There are several high availability (HA) pairs in deployment, and an orderly upgrade was performed on all pairs. However, after the upgrade, Application Delivery Management (ADM) revealed that one of the pairs was experiencing repeated crashes of the primary node. Fortunately, because of the HA functionality, there was no impact on the users.
Evaluation
Since there was no direct impact on the users, we were able to take our time in evaluating the issue. All of the nodes in this environment are running at the same firmware level, and we set about to understand what difference may account for this HA pair to experience this. A support case was opened with Citrix and TechSupport bundles were provided to them.
Meanwhile, we performed our own independent analysis from the ns.log and messages logs on the devices. Through monitoring, we determined that the device would increase CPU utilization until the device would spontaneously reboot, causing a HA failover.
We also correlated an increased number of HTTP requests during this period.
At the same time, AAA sessions would increase dramatically, and not be released, until the ADC would reboot.
Even though the HA failovers were successful, we evaluated the discovered that the HA RPC passwords were no longer synchronized between the nodes. Repeated attempts by the nodes to establish authentication between each other were failing. This was demonstrated in the increase in AAA sessions (HA Authentication Attempts), which lead to an increase in CPU utilization as the ADC maintained each of these sessions.
Resolution
The HA synchronization RPC passwords were reset on each of the nodes. We confirmed that synchronization was now performing successfully with no errors being detected.
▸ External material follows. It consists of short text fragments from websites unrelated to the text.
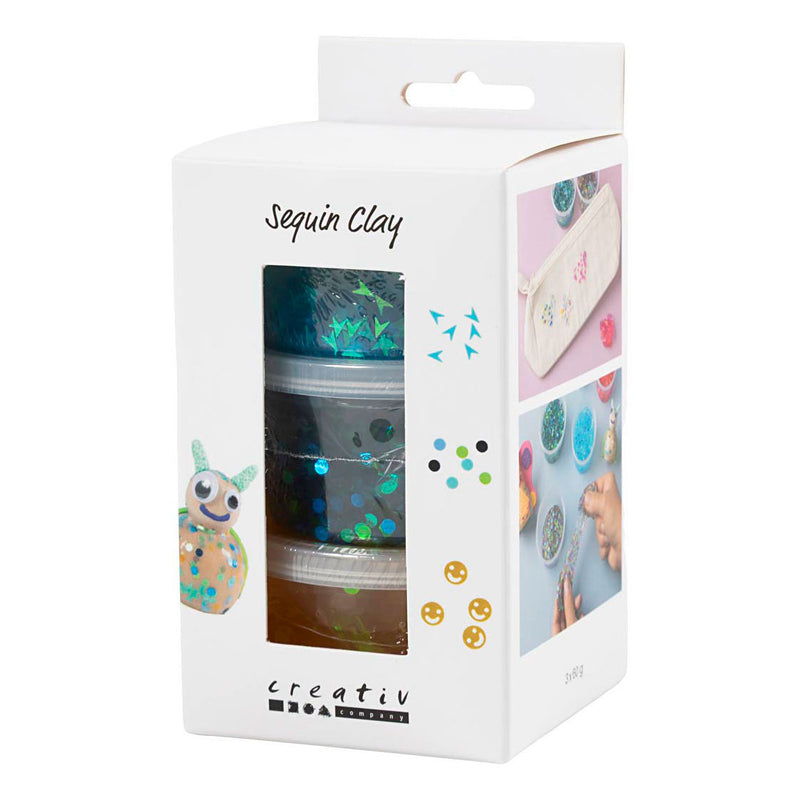 Afbeelding laden in galerijviewer, Creativ company sequin clay blauw groen - 6x60gr.
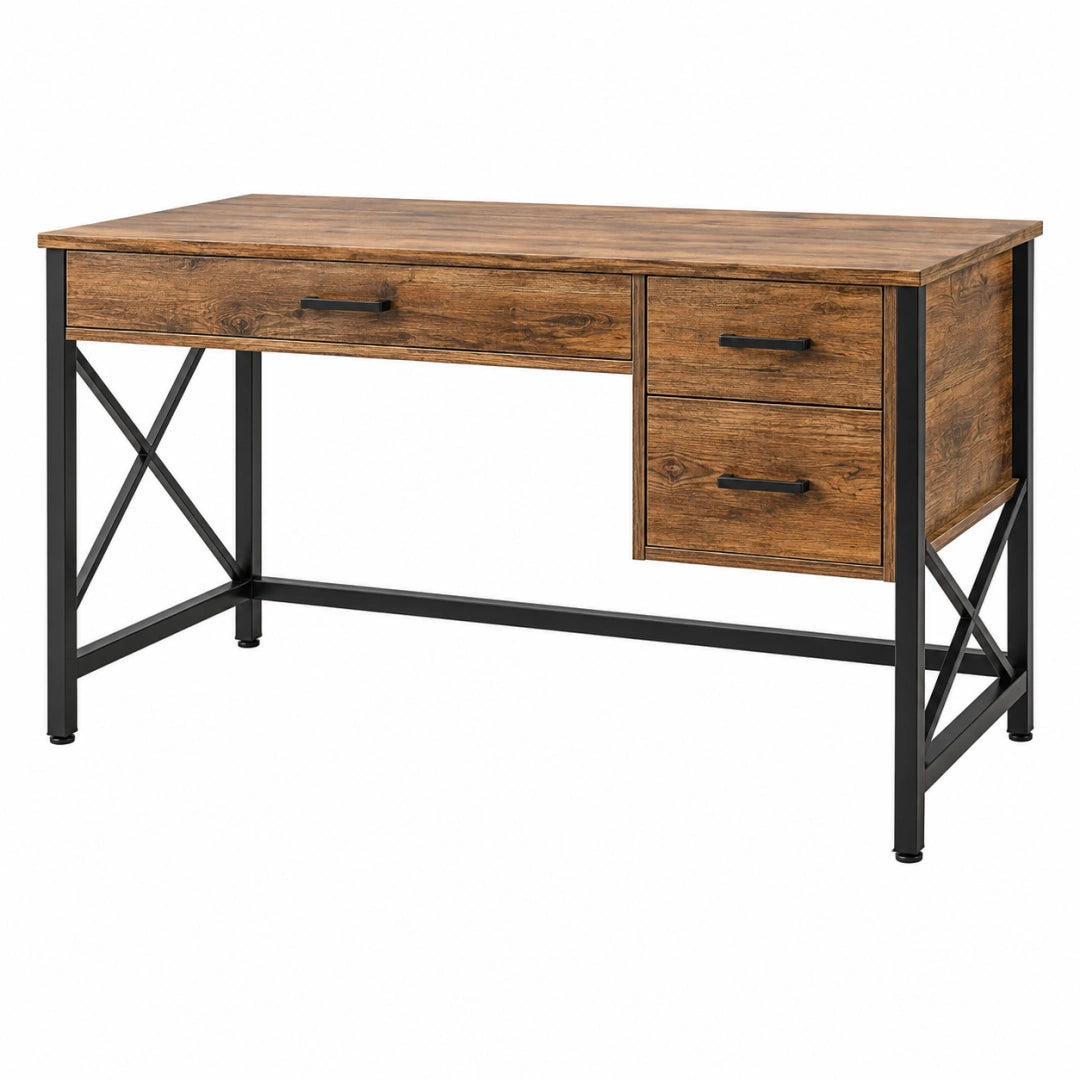 Moderner Erandilo Schreibtisch aus brauner Holzoptik mit schwarzem Metall, 3 Schubladen, Industriestil, 140 x 60 x 75 cm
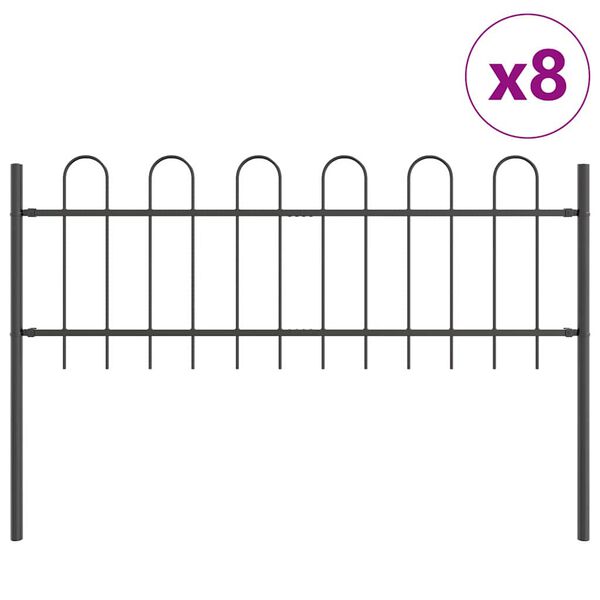 vidaXL Gartenzaun 8 pcs Grau 13,6 x 0,6 m Pulverbeschichteter Stahl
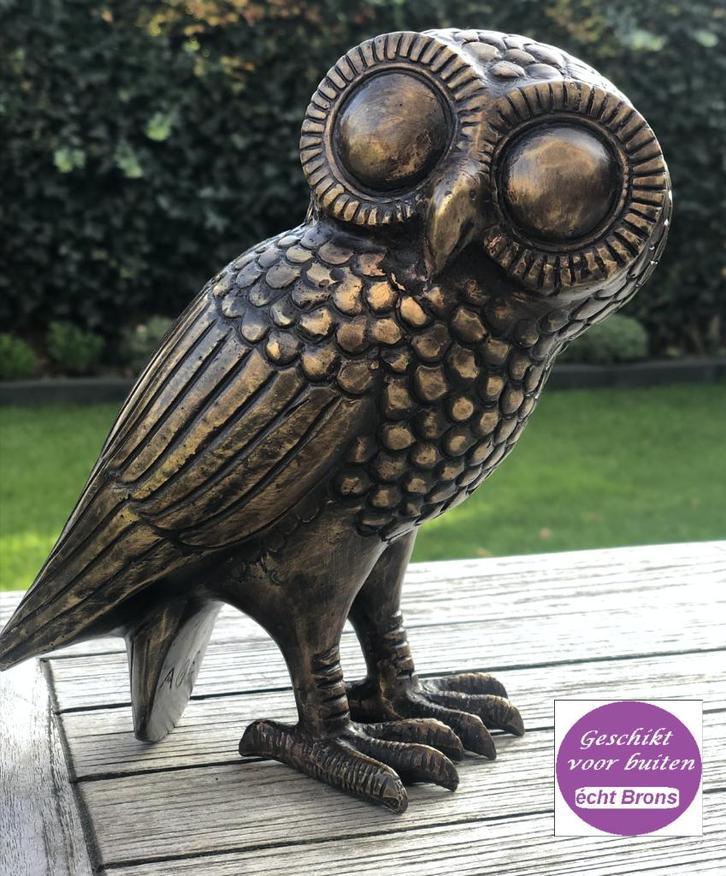 Bronzen uiltje op sokkel Bronzenbeelden - winkel, Antiek en Kunst, Kunst | Beelden en Houtsnijwerken, Ophalen of Verzenden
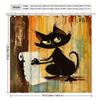 Funny Black Cat Shower Curtain Cartoon Cat Holding Toilet Paper Humor Art Bathroom Decor Waterproof Fabric Bath Curtain Set Home
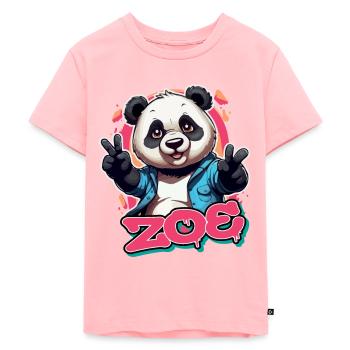 ZOE - Beau nom de fille avec Cool Panda - T-shirt Premium bio Enfant - rose - Devant - AI Model Kid Female (0cm)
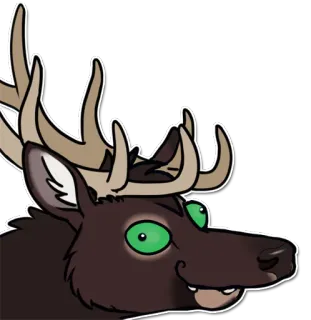 👀 616ccc30 动物, 鹿, 野生动物, 卡通, 贴纸 telegram sticker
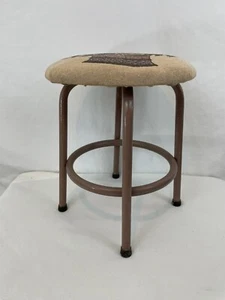 Small Mid Century Modern Metal Tube Frame Rose Bouquet Cushion Stool - Picture 1 of 7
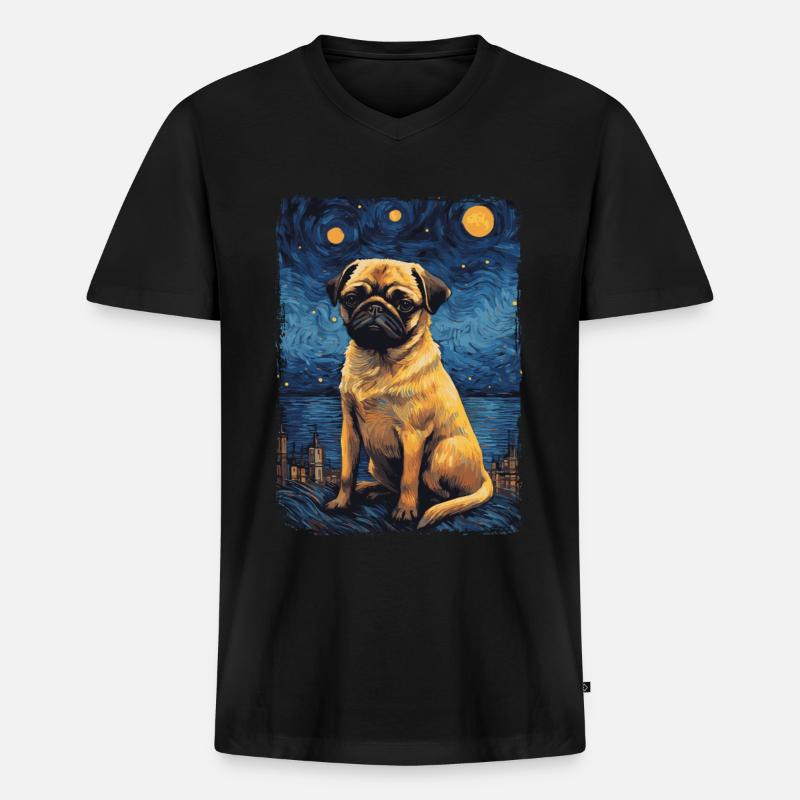 Mops Starry Night - Männer Premium Bio T-Shirt mit V-Ausschnitt - Schwarz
We performed a final failover and rebooted the now-secondary node to free up all of the errant AAA sessions.
Since this maintenance was performed, these events ceased occurring, CPU and memory utilization returned to normal and AAA sessions were released as expected.
The cause of the RPC password discrepancy is not known, as this pair has been operating for some time without issue. Other nodes were upgraded to the same firmware without experiencing any RPC issues.
Any time there is a CPU or memory utilization issue, it is imperative to establish that the network functionality is not at fault. Evaluate the basics of traffic and bandwidth utilization, and scan the logs for any authentication issues. We hope this helps you troubleshoot similar issues in the future.